Algebra — Study Notes for SSC MTS
Overview
Algebra in SSC MTS Paper 1 focuses on solving linear equations (one or two variables), basic quadratic equations, and applying algebraic identities to simplify expressions. This topic typically accounts for 2–3 questions worth 2–3 marks. Unlike advanced algebra, MTS tests your ability to manipulate variables, factorize simple expressions, and substitute values correctly. Mastery here requires recognizing patterns quickly (which identity applies?), avoiding calculation errors (especially sign mistakes), and solving equations methodically. Questions often interweave with arithmetic—for example, translating a word problem into an equation or verifying an identity numerically. Solid algebra skills also accelerate work in topics like Time-Work, Profit-Loss, and Mixture problems where you set up equations to find unknowns. The syllabus stops short of complex polynomials or simultaneous equations beyond two variables, so your preparation should emphasize speed and accuracy on standard forms.
Key Concepts
- **Linear equation in one variable**: An equation of the form ax + b = c, where a ≠ 0. Solve by isolating x through inverse operations (add/subtract constants, then divide by coefficient).
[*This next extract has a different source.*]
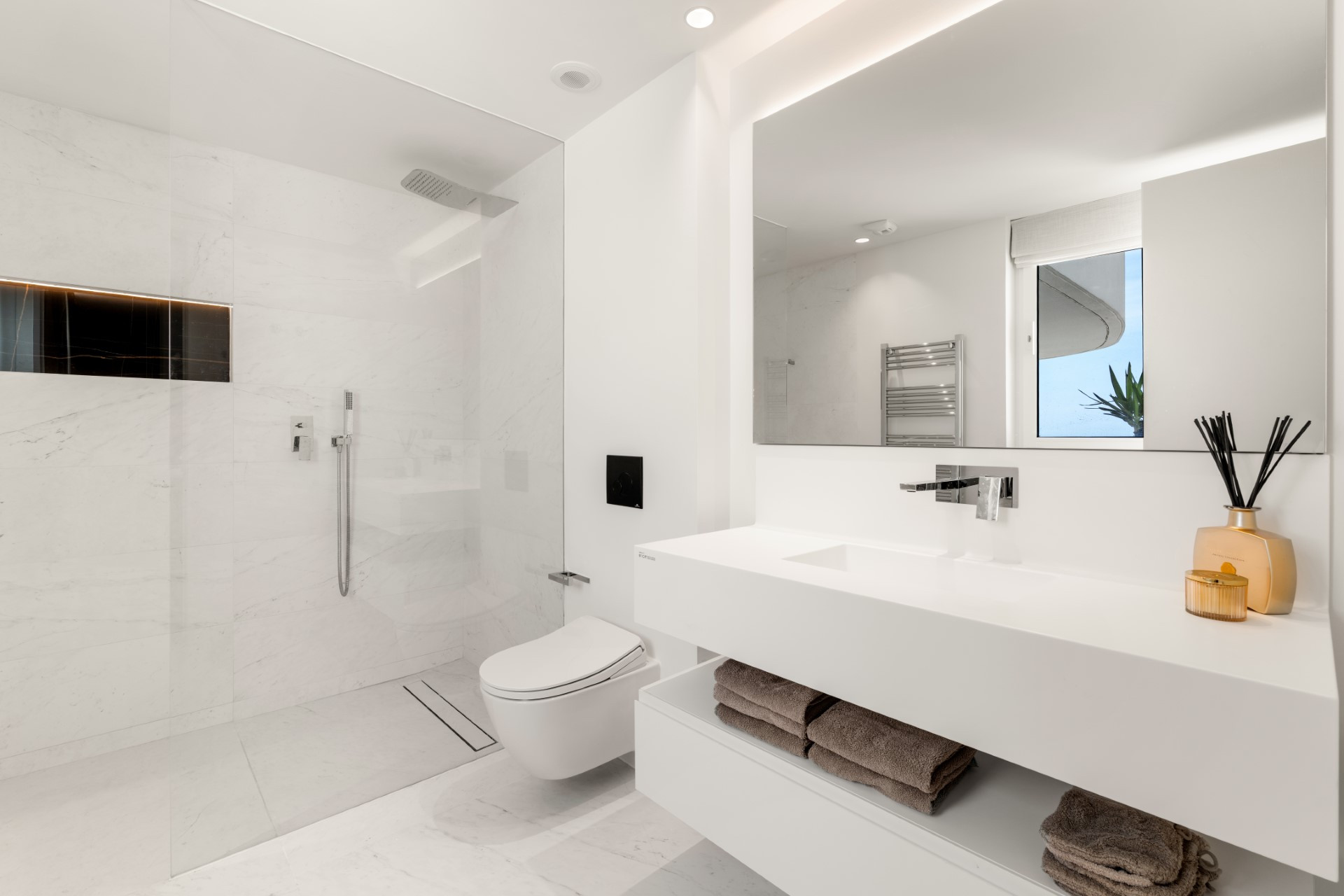 Spacious and modern 3 bedroom penthouse in Palo Alto, Ojen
- **Linear equation in two variables**: Equations like 2x + 3y = 12. MTS questions usually give two such equations (simultaneous equations) and ask for x and y. Solve by substitution (express one variable in terms of the other) or elimination (add/subtract equations to cancel one variable).
- **Quadratic equation**: An equation of the form ax² + bx + c = 0, where a ≠ 0. For MTS, factorization is the primary method—split the middle term or recognize perfect squares. The discriminant (b² − 4ac) and quadratic formula appear rarely but are worth knowing for non-factorable cases.
- **Algebraic identities**: Pre-memorized expansion formulas that simplify expressions without multiplying term-by-term. The exam tests both direct substitution (given a + b = 5 and ab = 6, find a² + b²) and reverse recognition (factor x² − y² immediately as (x + y)(x − y)).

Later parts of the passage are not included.